Asıl tariflerini paylaşacağım Alda ‘dan bahsetmek istiyorum size. 2010 yılı Temmuz ayı boyunca iki oğlumla tatildeydik Lizbon’da. Alda ile ortak bir arkadaşımız aracılığı ile tanışmıştım onunla. O zamanlar elli yaşındaydı Alda. Son derece çekici alımlı bir kadındı. Ve tanrım eli nasıl da marifetliydi öyle . Onu  sevecen  cömert  nazik neşeli biri olarak hatırlıyorum .  Bir keresinde koca aile için paela yapmıştı bir akşam . Böyle bir lezzet bilmiyorum. Ondan dört tarif almışım ve sizinle iki tarifi paylaşacağım. 

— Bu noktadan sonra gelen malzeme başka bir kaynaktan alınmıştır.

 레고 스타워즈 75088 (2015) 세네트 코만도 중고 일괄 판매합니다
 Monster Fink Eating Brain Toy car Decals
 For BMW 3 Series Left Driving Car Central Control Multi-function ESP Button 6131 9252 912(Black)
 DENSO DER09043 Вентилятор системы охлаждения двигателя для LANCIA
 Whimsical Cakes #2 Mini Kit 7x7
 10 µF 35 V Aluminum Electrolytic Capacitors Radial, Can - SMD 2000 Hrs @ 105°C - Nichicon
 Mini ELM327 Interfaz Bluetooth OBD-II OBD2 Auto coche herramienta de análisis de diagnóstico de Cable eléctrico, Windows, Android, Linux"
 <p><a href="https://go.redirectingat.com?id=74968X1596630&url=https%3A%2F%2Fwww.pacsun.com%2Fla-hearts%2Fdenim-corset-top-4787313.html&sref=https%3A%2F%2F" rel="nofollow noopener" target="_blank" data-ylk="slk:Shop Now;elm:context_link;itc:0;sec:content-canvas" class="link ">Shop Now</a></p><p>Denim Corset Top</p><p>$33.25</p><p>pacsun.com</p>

                                 

Yeşil Şarap ile tam ne zaman tanıştım hatırlamıyorum fakat baloncuklu yeşilimsi rengi ve sek tadı ile pek sevmiştim bu şarabı. Şampanyaya benzetiyordum. Dostlarım benim yeşil şarabı çok sevdiğimi bildiklerinden mutlaka sofrada bulunduruyorlardı. Burada da satılıyor şimdilerde. Vinho Verde!  O sıralar özel Portekizce dersi bile alıyordum. Aşk insana neler neler yaptırıyor.

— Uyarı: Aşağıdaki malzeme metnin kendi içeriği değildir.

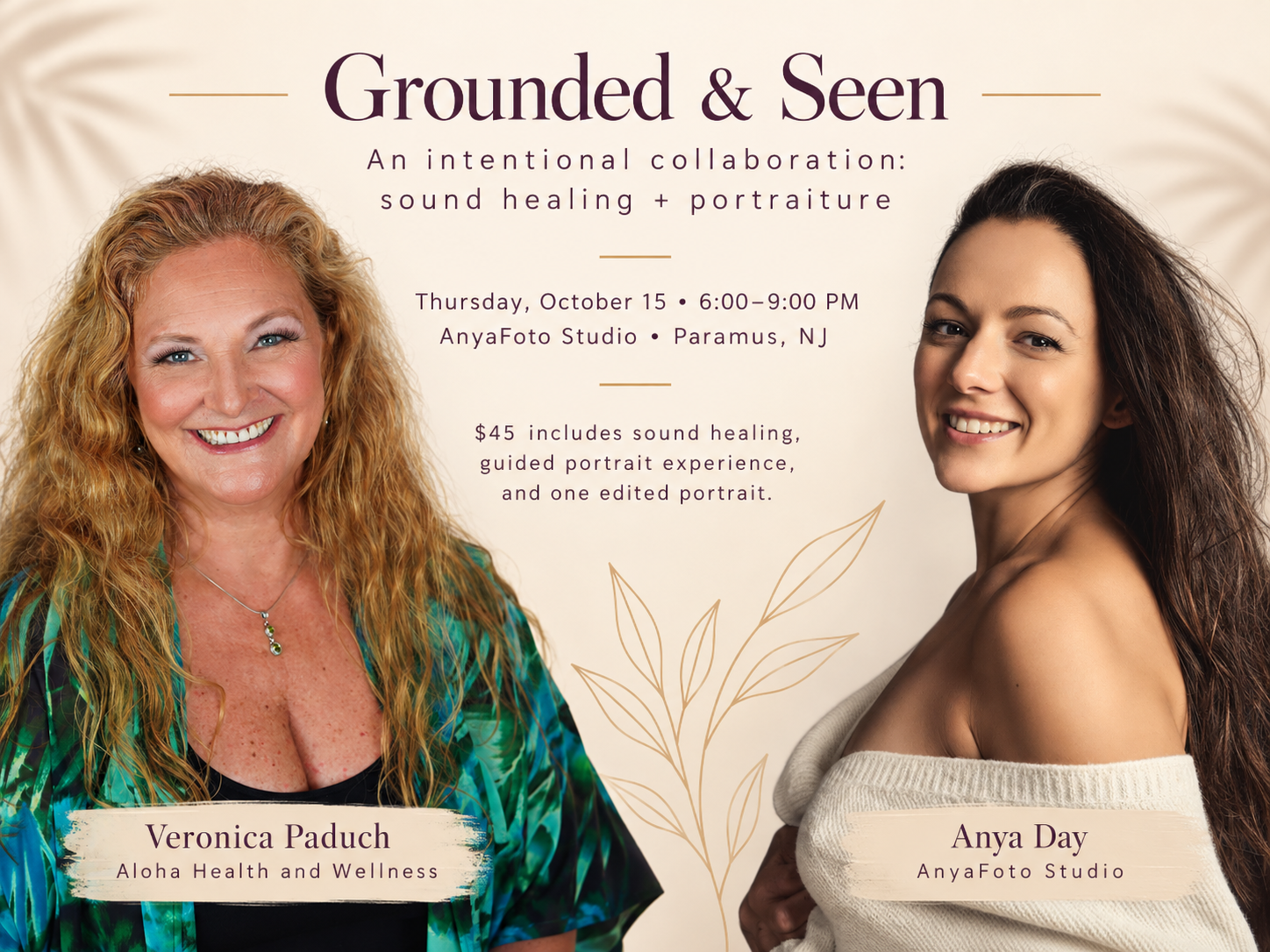 GROUNDED & SEEN ~ An Evening of Sound Healing + Portraiture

Alda’nın evinin olduğu bölge yoğun çam ağaçları ile kaplı idi. Aslında Lizbon’un çevresinde yoğun çam ağaçları vardır. Çam fıstığı  ağaçları!  Bahçede minik bir barbekü vardı ve her seferinde çam kozalakları ile yakıyorduk barbeküyü. Kömür yerine çok daha sağlıklı ve çevreci  gelmişti bana.

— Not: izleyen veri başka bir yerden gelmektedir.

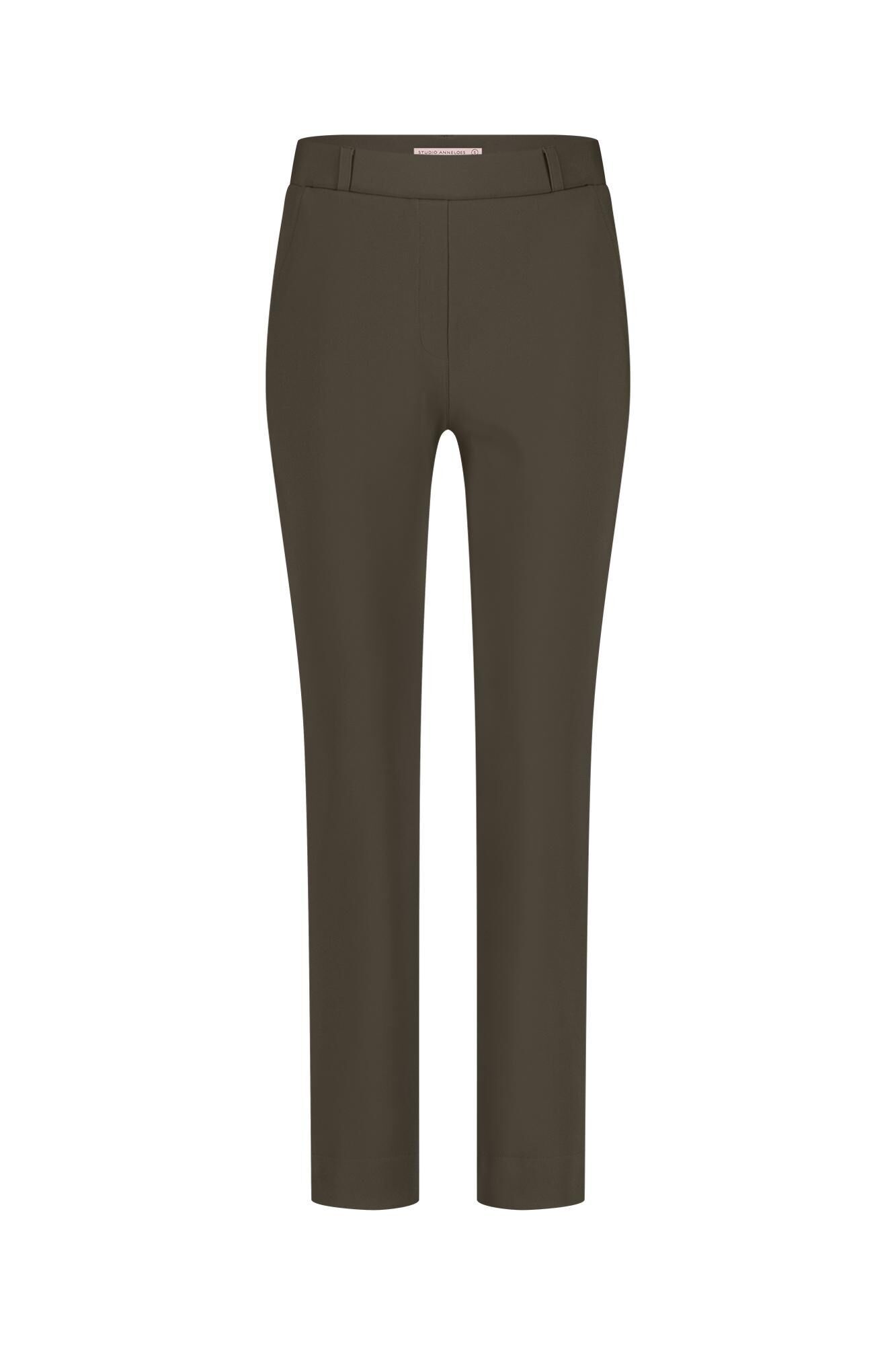 Studio Anneloes Anna bonded trousers new army online kopen bij Fier Mode. 11824 7400 new army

Benim ve çocukların aklında kalan bir diğer lezzet de deniz salyangozu deneyimimiz idi. Minik salyangozları oğlanlar eğlenerek mideye indirmişti. Biri on diğeri dört buçuk  yaşlarındaydı. Kürdanlar ile içinden çıkarıyorduk yiyeceğimiz kısmı. Bildiğimiz salyangozlara göre daha minikti bu salyangozlar. Hatırlıyorum da koca bir tabak minik salyangoz getirmişlerdi önümüze. Oğlan çocuklarını bilirsiniz. Pek bir afacan yaramaz olurlar. Gözleri kocaman merakla kürdanları ellerine alıp girişmişlerdi salyangozları yemeğe. Ne çok eğlenmiştik o gün.

Burada bir parantez açmak istiyorum. Çocuk gelişiminde çocukların farklı lezzetleri denemesine alan açmanın çok önemli olduğunu düşünüyorum. Bir çocuk ne kadar çok farklı kültür ve dolayısıyla lezzet ile temas eder ise o kadar yaşama ve fırsatlara açık bir birey oluyor. Hatta daha esnek daha empatik bir kişilik geliştiriyor bile olabilir. Bu müzik için de geçerli. Dünya vatandaşı olmanın diğeri ile bağ kurmanın diğerinin derdini anlamanın yollarından biri de bu olsa gerek. Çok şükür oğullarımı bir çok farklı kültürün lezzetleri kültürleri ile tanıştırma şansım oldu. Ki bir çok ortak güzel anımız oldu bu vesile ile. Ortak güzel anılar değil mi, bizden geriye kalacak olan?

Mumbai şehrinin eski adı Bombay idi bilirsiniz. Ve ‘’Bombaim’’ Portekizce güzel koy anlamına geliyor. 16. Yüz yılda Portekiz sömürgesi imiş Bombayı. Uzun yıllar sonrasında İngilizlere çeyiz olarak verilmiş.   Yakın zamanlarda da Mumbai ismini aldı. Üç  yerel  dildeki anne sözcüğünün birleşimi. Ma, Amba ve Ai. ‘Mother India’ derler Hintliler ülkelerine. Anadolu  sözcüğünün Türkçe açılımı da annelerle dolu anlamına geliyor. Ve her iki kültürün  antik geçmişinde Ana Tanrıça’ya inanılması rastlantı olmasa gerek.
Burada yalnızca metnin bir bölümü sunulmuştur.